Do you understand lasagne? Of course you do. But I understand it better because I know how to make it from ingredients none of which is lasagne. (If I were to 'make' lasagne by fusing eight squares of lasagne, and you were a philosopher, you would protest that I hadn't made lasagne but had 'presupposed' it. And you'd be right. That would be like making coffee by pouring eight cups of coffee into a carafe.)
It is tempting to suppose that what we know how to make, we understand. (He said with a sidelong glance in the direction of Giambattista Vico.) Let's give into the temptation. Suppose one day humans create a robot that is really conscious, conscious in the way I believe my wife is conscious. Whether or not I know that she is, in that tough sense of 'know' that entails being certain, I do not doubt for a second that my wife is a genuine bearer of intentional and non-intentional mental states. She has feelings just as I do and she thinks about things just as I do, and this is not a matter of ascription on my part as when I ascribe to my chess computer the 'desire' to inflict mate. Her verbal and non-verbal behavior do not merely simulate, even if exactly, behavior that is expressive of real consciousness; it is behavior that is expressive of real consciousness.

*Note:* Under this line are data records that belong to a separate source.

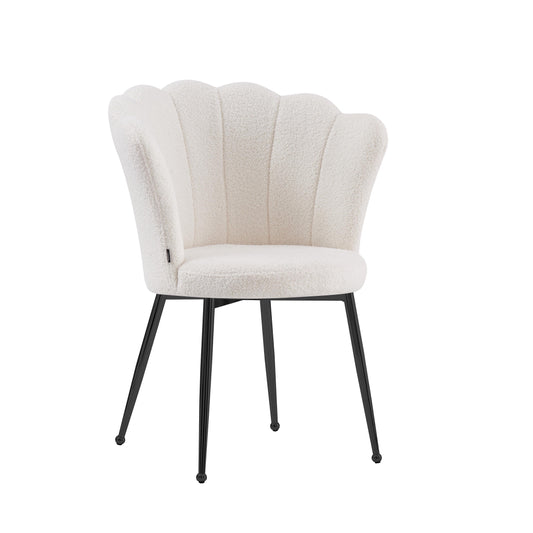 Chaise "Nymphea" Bouclette Pied Métal Noir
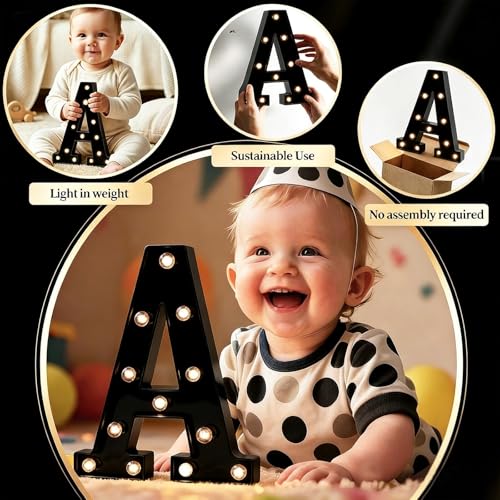 Black LED Marquee Letter Light - Battery Operated Alphabet Sign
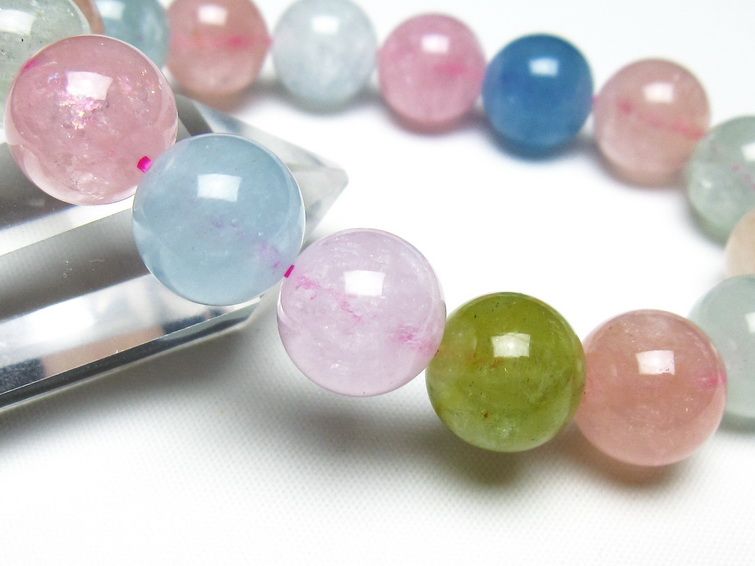 ミックスカラーベリル ブレスレット 13mm 一点物 メール便可 [M便 1/10] 111-48913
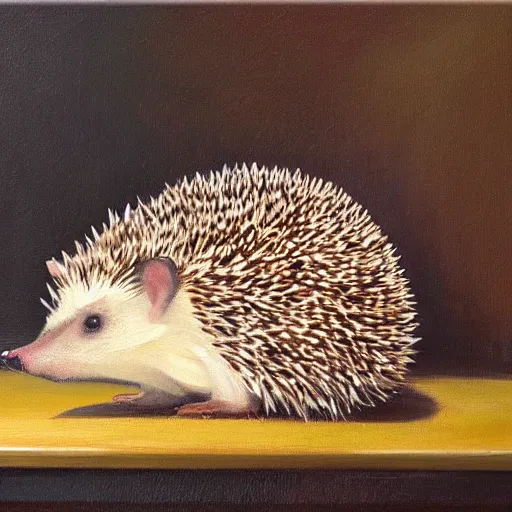 Image similar to hedgehog melting in the heat with a fan pointing at the hedgehog, oil on canvas, detailed, art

So suppose we have a really conscious robot fabricated to look like a woman, so well fabricated, let us assume, as to fool a gynecologist. If we know that that conscious being is a robot, we may find it hard to believe that she is really conscious. But suppose we can convince ourselves that our robot is really conscious and enjoys an 'inner' life just as we do.
What implications would this have for the mind-body problem? Would the existence of a really conscious robot that we had constructed from non-conscious material parts show that consciousness was a natural phenomenon that arises or emerges from sufficently complicated configurations of wholly material parts? Would it put paid to substance dualism? Would it show that there was nothing supernatural about consciousness? Could one refute substance dualism and the notion that consciousness (including self-consciousness and all spiritual functions) has a higher (non-natural) origin by building a conscious robot?
Many would say 'yes.' But I say 'no.'
If we make a really conscious robot, if we 'synthesize' consciousness and the unity of consciousness from non-conscious materials, what we have done is to assemble components that form a unified physical thing at which consciousness is manifested. But this neutral description of what we have done leaves open two possibilities:
1. The one is that consciousness simply comes into existence without cause at that complex configuration of physical components but is in no way caused by or emergent from that complex configuration. In this case we have not synthesized consciousness from nonconscious materials; we have simply brought together certain material components at which consciousness appears.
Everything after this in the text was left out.